Fri Jun 29, 2012 1:10pm EDT

June 29 - Fitch Ratings has affirmed Lincoln National Corporation's (LNC) 
 Long-term Issuer Default Rating (IDR) at 'A-', and the Insurer Financial
Strength (IFS) ratings of LNC's insurance operating subsidiaries at 'A+'. The
Rating Outlook is Stable. A full list of rating actions follows at the end of
this release. 

Fitch's rating actions reflect LNC's good overall operating performance, solid 
risk-adjusted capitalization, strong competitive position, diverse distribution 
network and capable management team. LNC's ratings also reflect the above 
average exposure of its earnings and capital to interest rates and the 
performance of equity markets, above average financial leverage, and longer-term
issues around funding the growth in reserves associated with secondary 
guarantees on universal life policies. 

LNC reported net income of 294 million for full year 2011, and $245 million in 
the first quarter of 2012. Profitability in 2011 was adversely affected by a 
$650 million goodwill impairment in LNC's life insurance segment and a $97 
million goodwill impairment in its media operations. The large impairment in the
company's life insurance segment was driven by product changes that the company 
was implementing, which management anticipated would have an adverse effect on 
future sales levels in the unit. Despite the goodwill impairment, operating 
performance in recent years has benefited from increasing asset-based fee 
revenue. However, Fitch expects near-term operating results to face pressure 
from persistently low interest rates, which are driving spread compression in 
LNC's large spread-based business. 

Fitch considers LNC's statutory capital adequacy to be strong and modestly above
Fitch's expectations for the company's current rating. Total adjusted statutory 
capital of LNC's insurance operating subsidiaries increased by 7.3% in 2011, to 
$7.6 billion. Growth in LNC's statutory capital has been key to an improvement 
in its reported risk-based capital (RBC) ratio, which improved from 491% of the 
company action level at Dec. 31, 2010, to 505% at Dec. 31, 2011. The use of 
captive reinsurance associated with LNC's excess life reserves and variable 
annuity guarantees benefits the level of reported RBC in the case of excess life
reserves, and benefits the stability of reported RBC in the case of variable 
annuity guarantees. This has been factored into Fitch's view of LNC's statutory 
capitalization.

Fitch's concern about LNC's significant equity market exposure reflects above 
average exposure to the variable annuity business. While LNC has in place a 
hedging program that has been effective in mitigating the risk associated its 
variable annuity business, Fitch remains concerned about capital and earnings 
volatility in an unexpected, but still plausible, severe stress scenario. 

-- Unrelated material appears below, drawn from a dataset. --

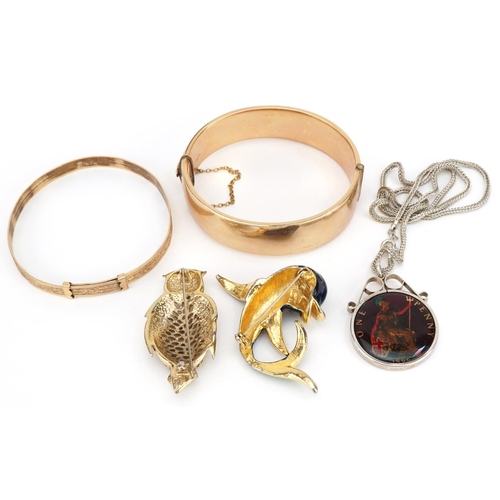 13 - Vintage and later jewellery including two 9ct gold metal core bangles engraved with foliage, enamell... 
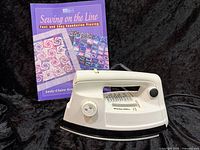 Iron and quilting book together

Fitch also remains concerned about LNC's reserve funding challenges and pricing 
risk associated with its exposure to no lapse guarantee universal life (UL) 
insurance. However, LNC has taken meaningful steps that Fitch believes have 
partially mitigated its exposure to this issue. Currently, LNC uses a 
combination of letter of credit-supported reserve financing provided by 
affiliated reinsurance companies and other structured solutions supported by 
LNC's issuance of long-term senior notes. LNC also introduced in 2010 new 
secondary guarantee UL products that are designed to be more capital efficient. 
Fitch would view positively continued substantive progress in LNC's ability to 
implement long-term solutions for reserve financing that more closely align 
asset/liability duration and reduce refinancing risks. 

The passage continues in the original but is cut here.